Ci stampa una cosa che assomiglia ad un biglietto, nel quale, insieme a caratteri cinesi incomprensibili, leggiamo data e sigla dei voli.
Siamo a cavallo.

Ridendo simpaticamente, andiamo al check in. Facciamo la solita fila cinese.
Tocca a noi.
Sguardo perso,
Gocciolina di sudore,
Aspetto da cerbiatto bagnato.
Non parla una mazza inglese…dopo 10 minuti ci dice “no, il check in alle 11, tra TRE ore”

Ottimo.
Non ci perdiamo d’animo, abbiamo tempo per la colazione.
Troviamo un allegrissimo bar cinese…ordiniamo cose assurde, compresa un’aranciata nucleare.
Paghiamo…
no.
Non si può.
Le carte non sono accettate.
Niente mastercard, niente visa.
Qui si paga solo con cash, pecore, balletti da shaolin, mucche panda, ma niente carte.

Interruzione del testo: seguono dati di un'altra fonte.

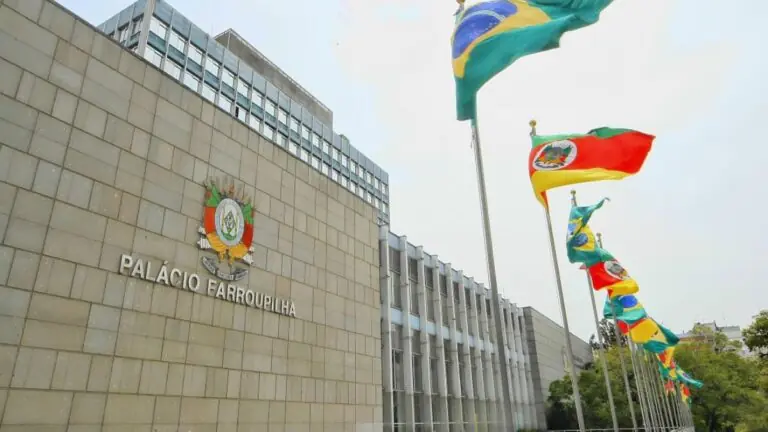 Eleições 2022: veja os deputados estaduais eleitos RS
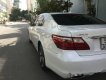 Lexus LS   460L  2009 - Bán Lexus LS 460L đời 2009, màu trắng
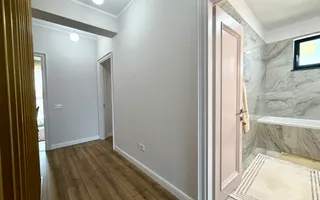 Vil de tip Duplex *P+1E+M* | 176 mp utili | mobilată complet | Chitila - Poză 32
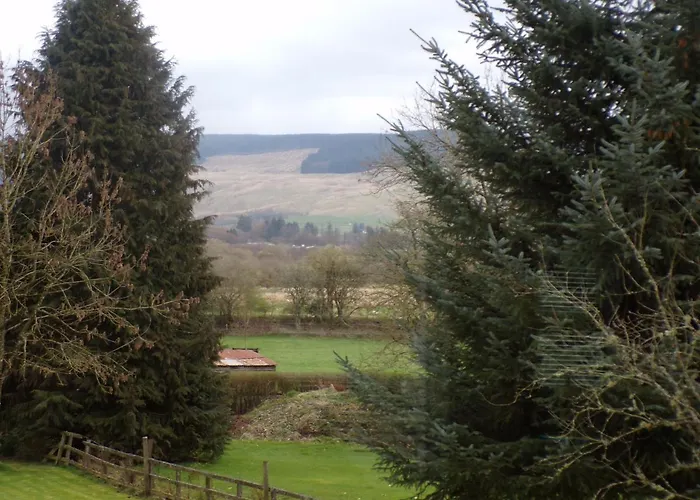 Groom'S Cottage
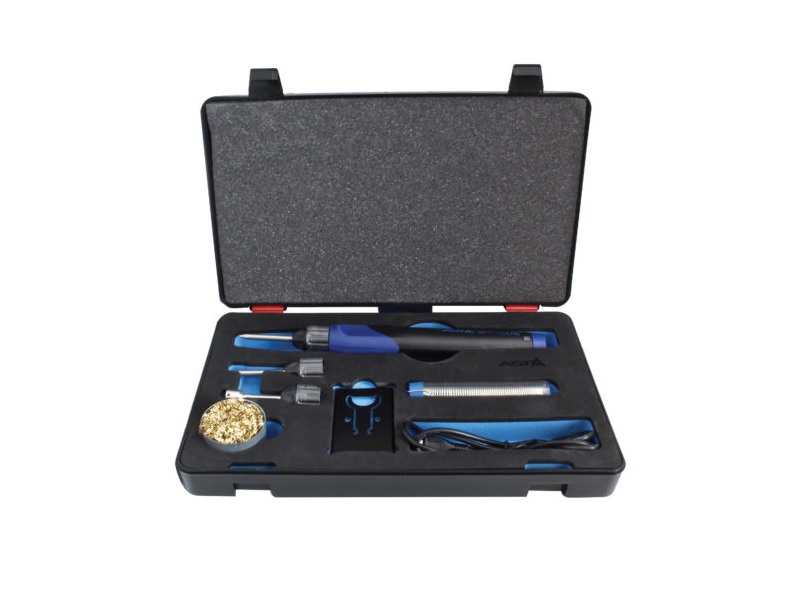 LUTOWNICA AKUMULATOROWA 30W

Ora si, iniziamo a preoccuparci.

…ma il destino si sa, prima ti da una mazzata, poi una carezza…e questa arriva sotto forma di Starbucks.
Accettano tutto: dollari, euro, lire, visa, cambiali…tutto.
Compriamo frappuccini come se piovesse, caffè che sanno di caffè…e anche un odore da quasi pulito.

Aspettiamo qui il nostro destino.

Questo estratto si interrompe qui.